*WHAT YOU SHOULD DO*. From the line containing "Дверь задняя правая" through the last line of the data, both ends included, write out every line exactly; omit the pictures.

(Crawled caption data)
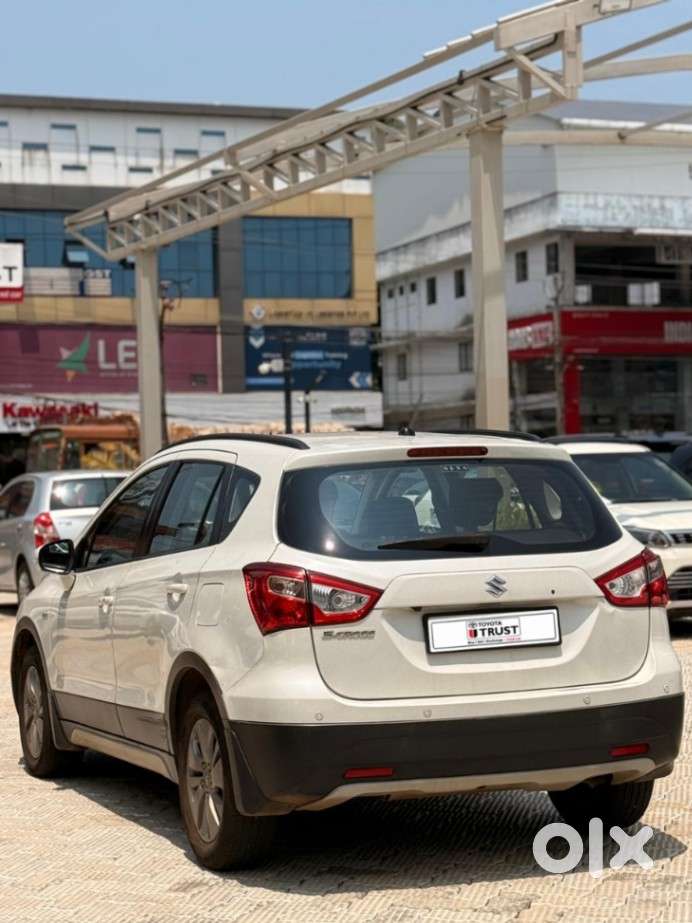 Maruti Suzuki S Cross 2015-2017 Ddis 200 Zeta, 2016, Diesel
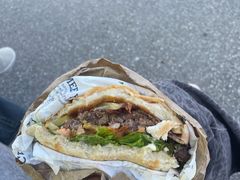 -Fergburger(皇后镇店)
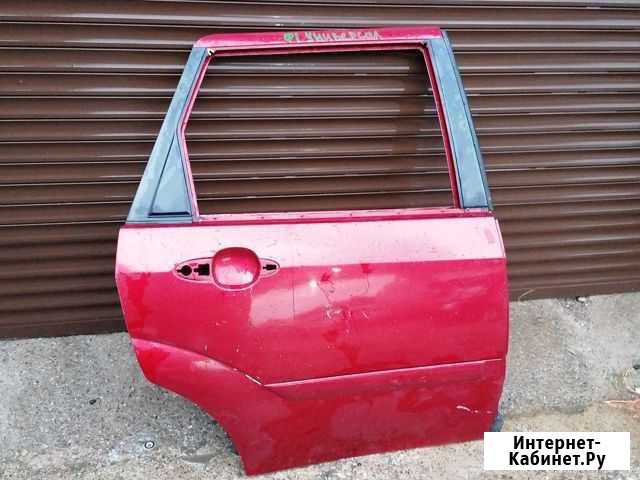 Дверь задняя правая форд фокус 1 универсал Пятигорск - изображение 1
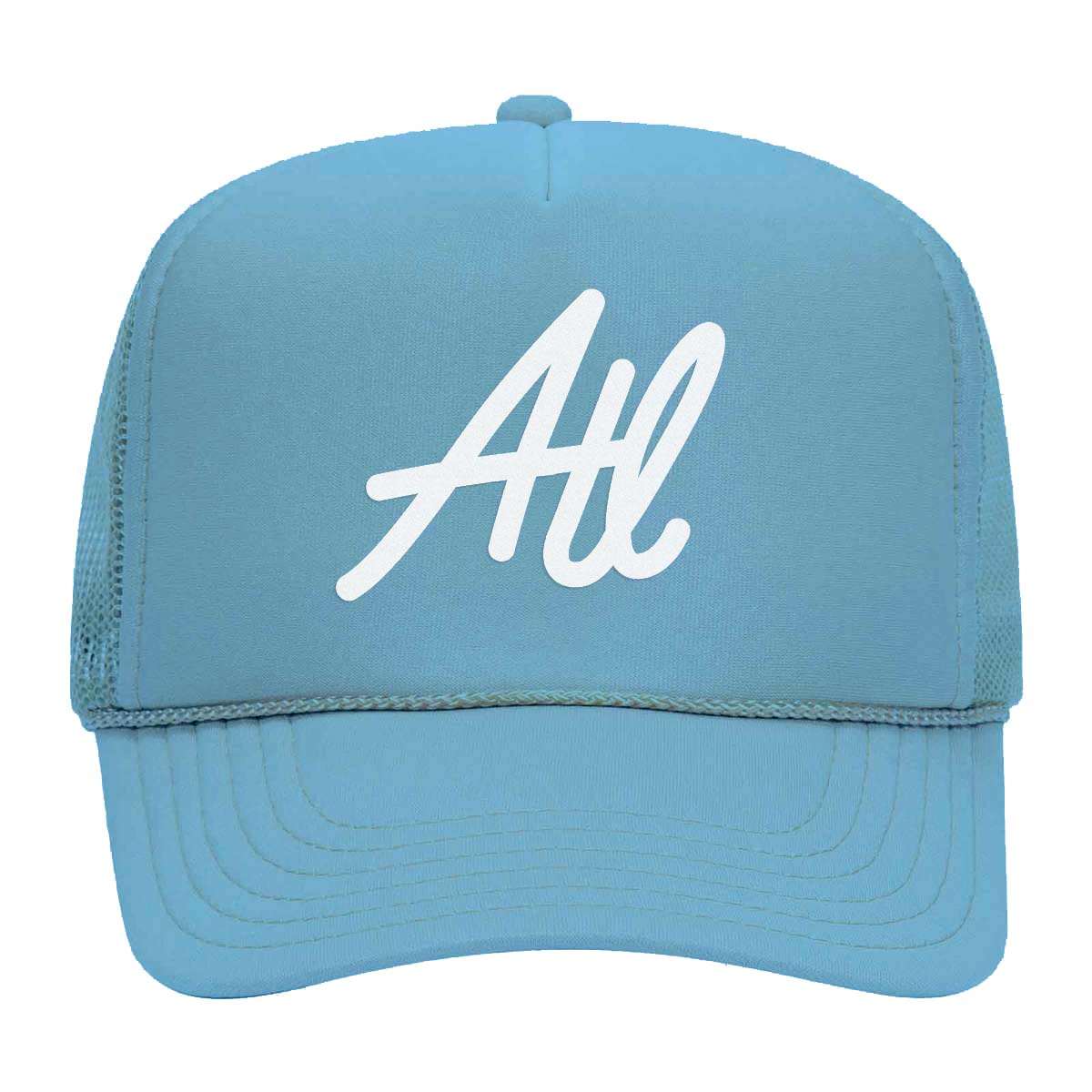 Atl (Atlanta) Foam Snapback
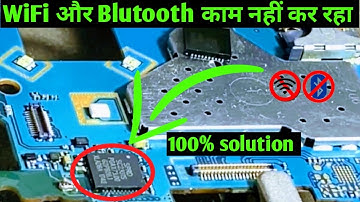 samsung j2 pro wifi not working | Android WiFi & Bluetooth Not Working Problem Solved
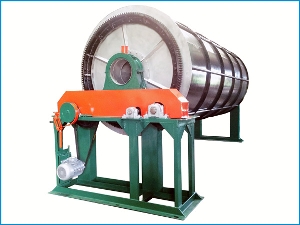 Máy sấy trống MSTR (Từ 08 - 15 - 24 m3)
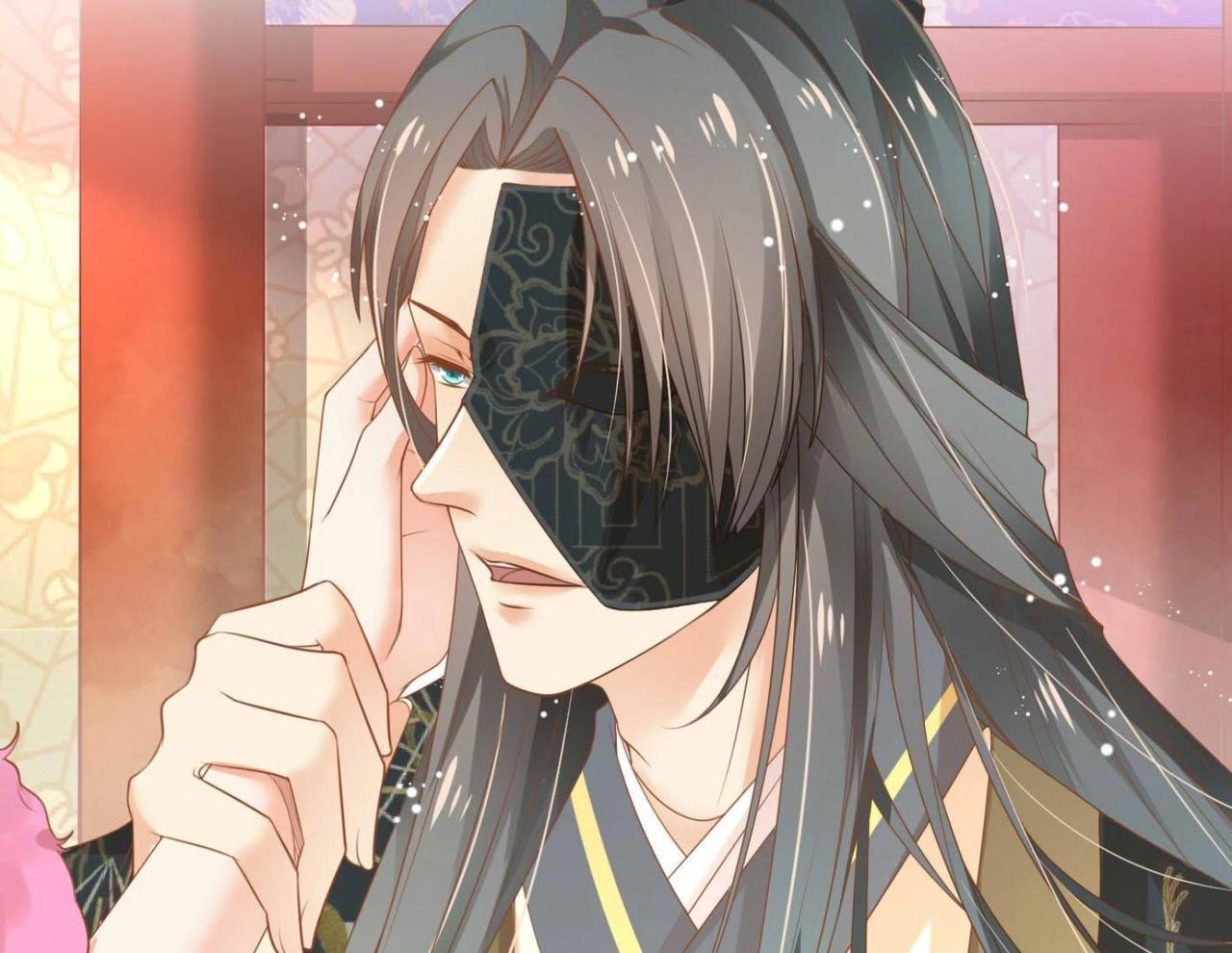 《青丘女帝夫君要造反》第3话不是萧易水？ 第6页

*SOLUTION*.
 Дверь задняя правая форд фокус 1 универсал Пятигорск - изображение 1
 Atl (Atlanta) Foam Snapback
 samsung j2 pro wifi not working | Android WiFi & Bluetooth Not Working Problem Solved
 Máy sấy trống MSTR (Từ 08 - 15 - 24 m3)
 《青丘女帝夫君要造反》第3话不是萧易水？ 第6页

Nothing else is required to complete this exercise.